Repeat the records below exactly as they appear, leaving out any pictures.

=== Section Start ===

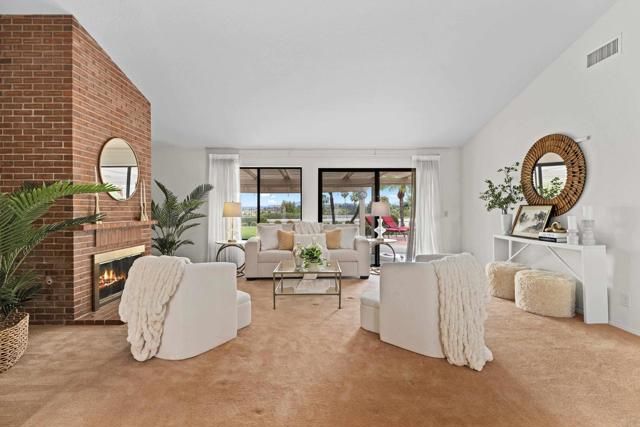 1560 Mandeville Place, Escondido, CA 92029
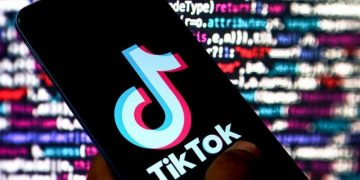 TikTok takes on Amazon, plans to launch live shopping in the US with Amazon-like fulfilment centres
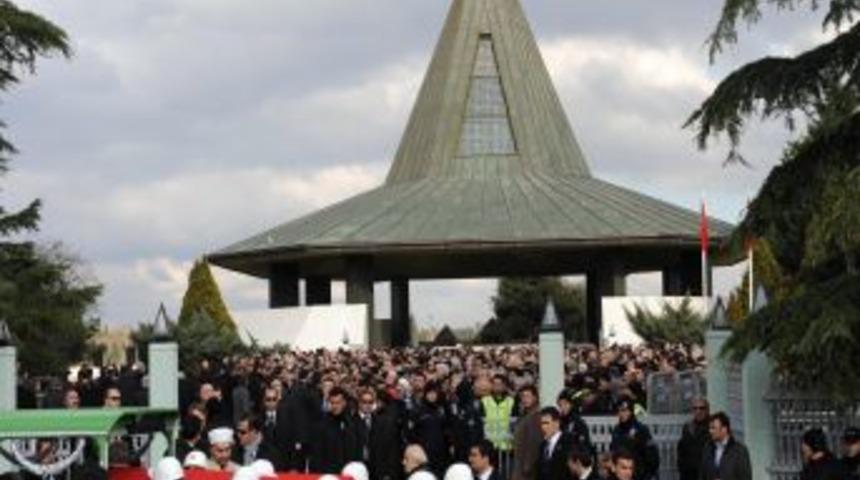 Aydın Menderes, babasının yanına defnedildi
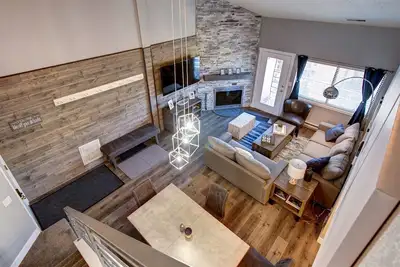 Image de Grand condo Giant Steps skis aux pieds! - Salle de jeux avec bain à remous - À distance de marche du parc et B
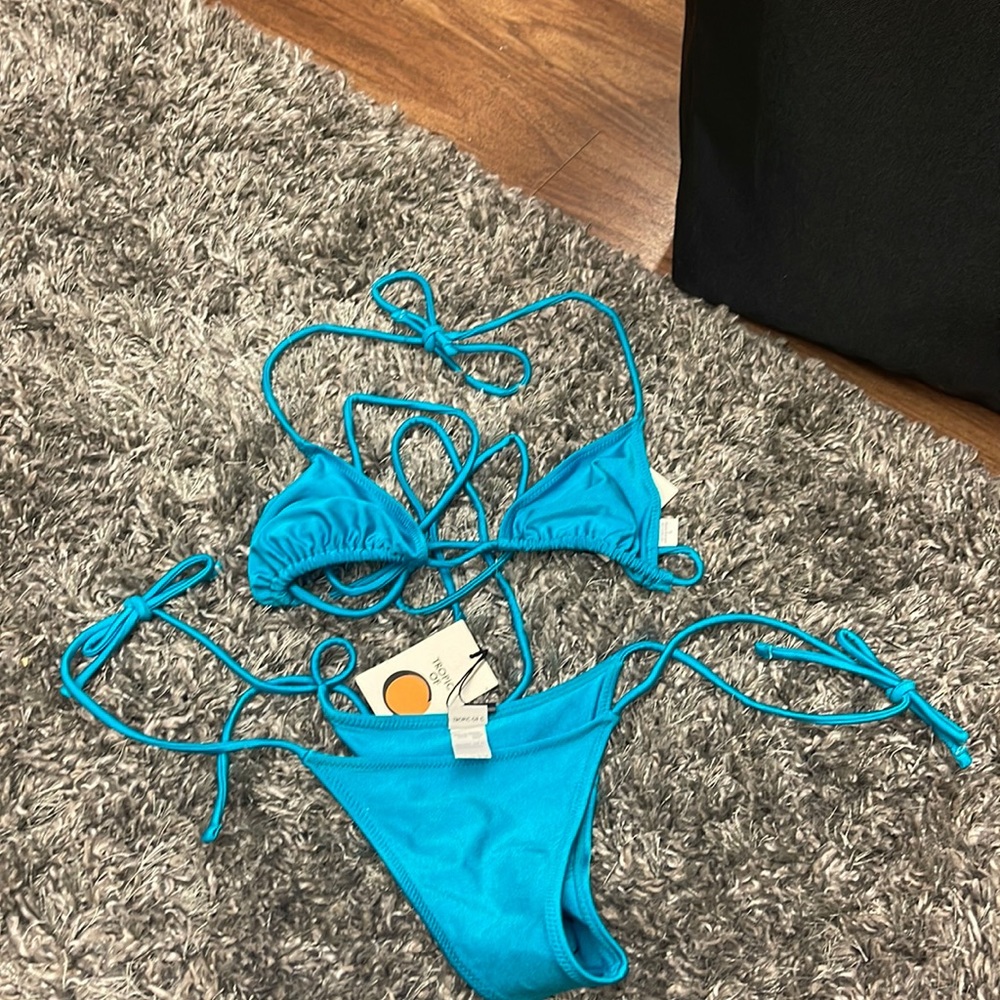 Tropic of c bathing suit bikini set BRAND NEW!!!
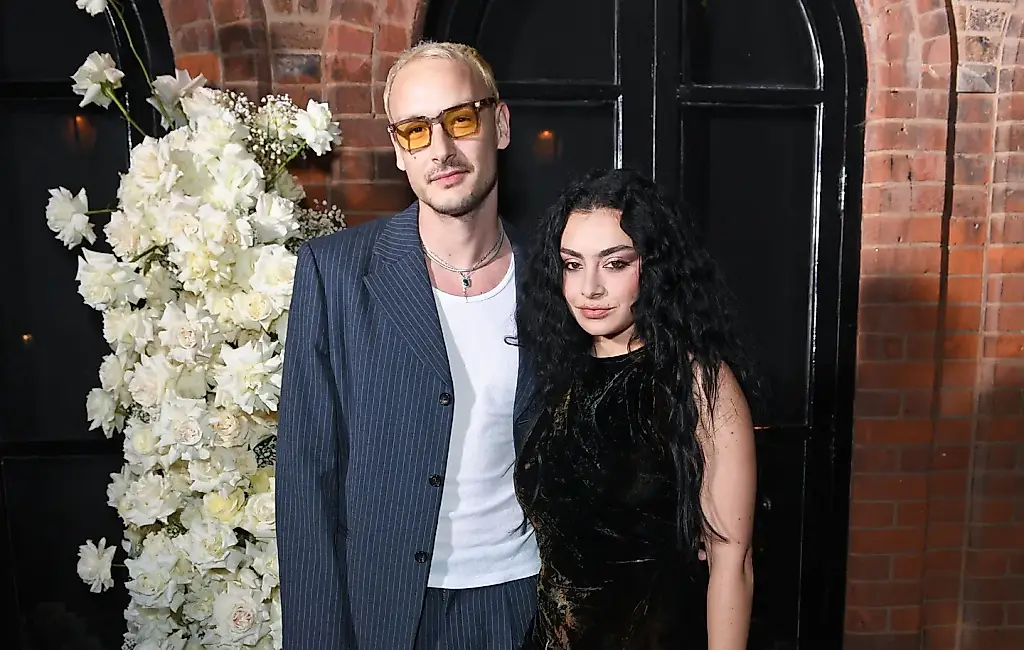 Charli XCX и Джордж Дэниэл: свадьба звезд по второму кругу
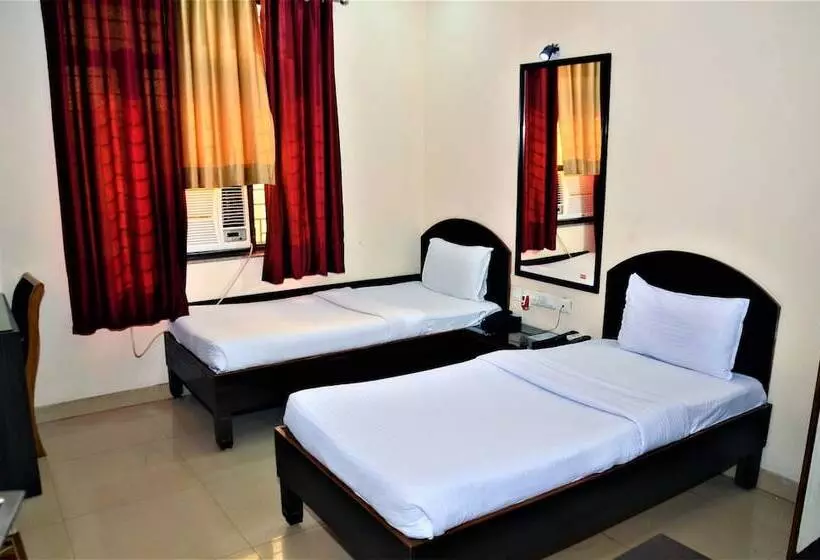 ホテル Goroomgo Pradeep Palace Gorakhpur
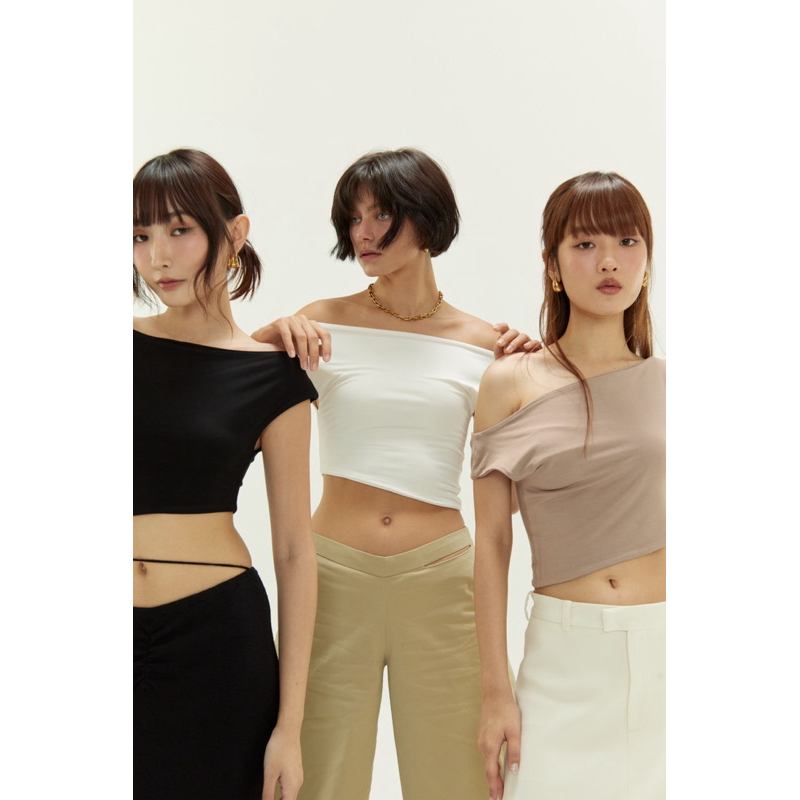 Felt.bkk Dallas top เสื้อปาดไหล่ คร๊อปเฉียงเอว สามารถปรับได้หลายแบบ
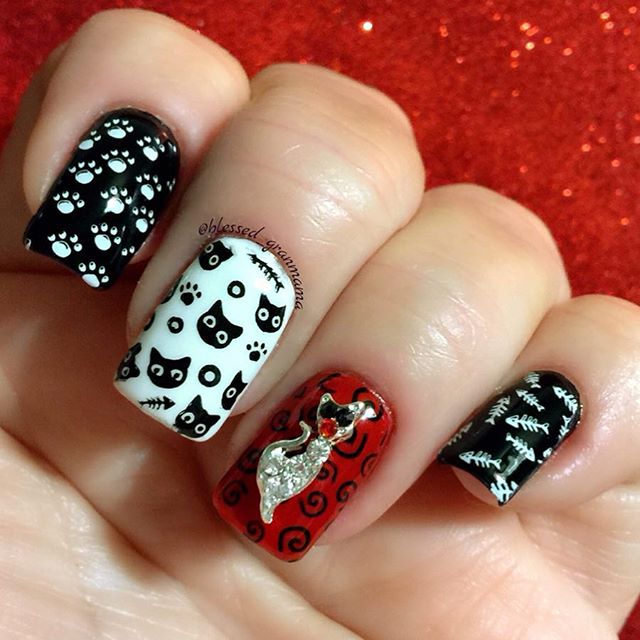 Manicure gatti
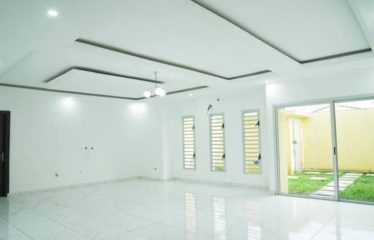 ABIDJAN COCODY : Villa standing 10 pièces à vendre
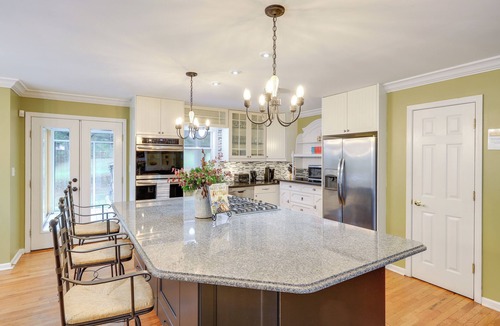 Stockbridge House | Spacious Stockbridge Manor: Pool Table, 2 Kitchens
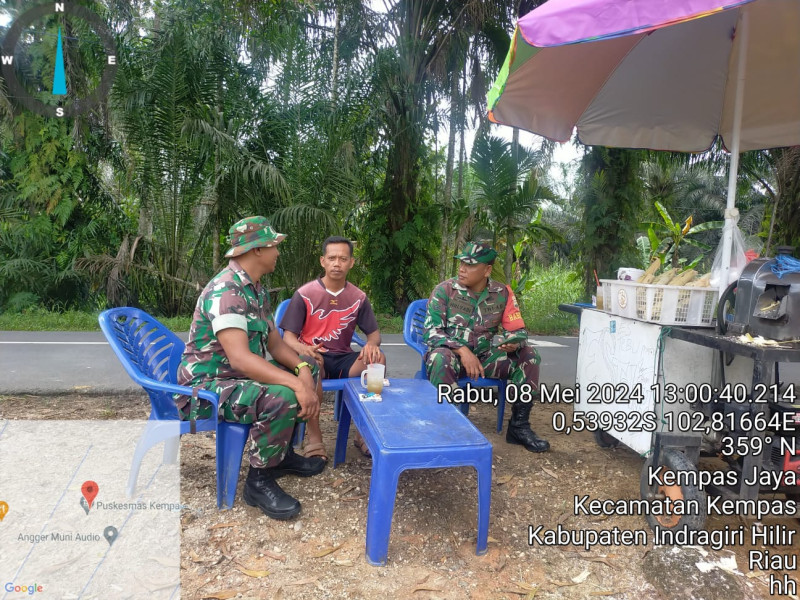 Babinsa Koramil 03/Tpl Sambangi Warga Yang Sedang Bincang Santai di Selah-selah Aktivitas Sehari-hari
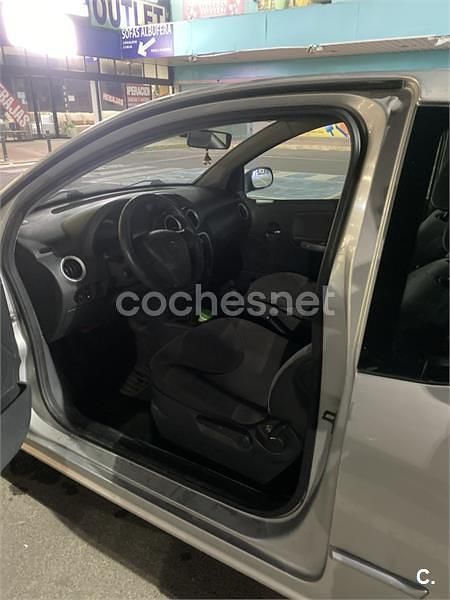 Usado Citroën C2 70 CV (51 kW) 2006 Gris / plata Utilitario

=== Section End ===

[Exercise result]
 1560 Mandeville Place, Escondido, CA 92029
 TikTok takes on Amazon, plans to launch live shopping in the US with Amazon-like fulfilment centres
 Aydın Menderes, babasının yanına defnedildi
 Image de Grand condo Giant Steps skis aux pieds! - Salle de jeux avec bain à remous - À distance de marche du parc et B
 Tropic of c bathing suit bikini set BRAND NEW!!!
 Charli XCX и Джордж Дэниэл: свадьба звезд по второму кругу
 ホテル Goroomgo Pradeep Palace Gorakhpur
 Felt.bkk Dallas top เสื้อปาดไหล่ คร๊อปเฉียงเอว สามารถปรับได้หลายแบบ
 Manicure gatti
 ABIDJAN COCODY : Villa standing 10 pièces à vendre
 Stockbridge House | Spacious Stockbridge Manor: Pool Table, 2 Kitchens
 Babinsa Koramil 03/Tpl Sambangi Warga Yang Sedang Bincang Santai di Selah-selah Aktivitas Sehari-hari
 Usado Citroën C2 70 CV (51 kW) 2006 Gris / plata Utilitario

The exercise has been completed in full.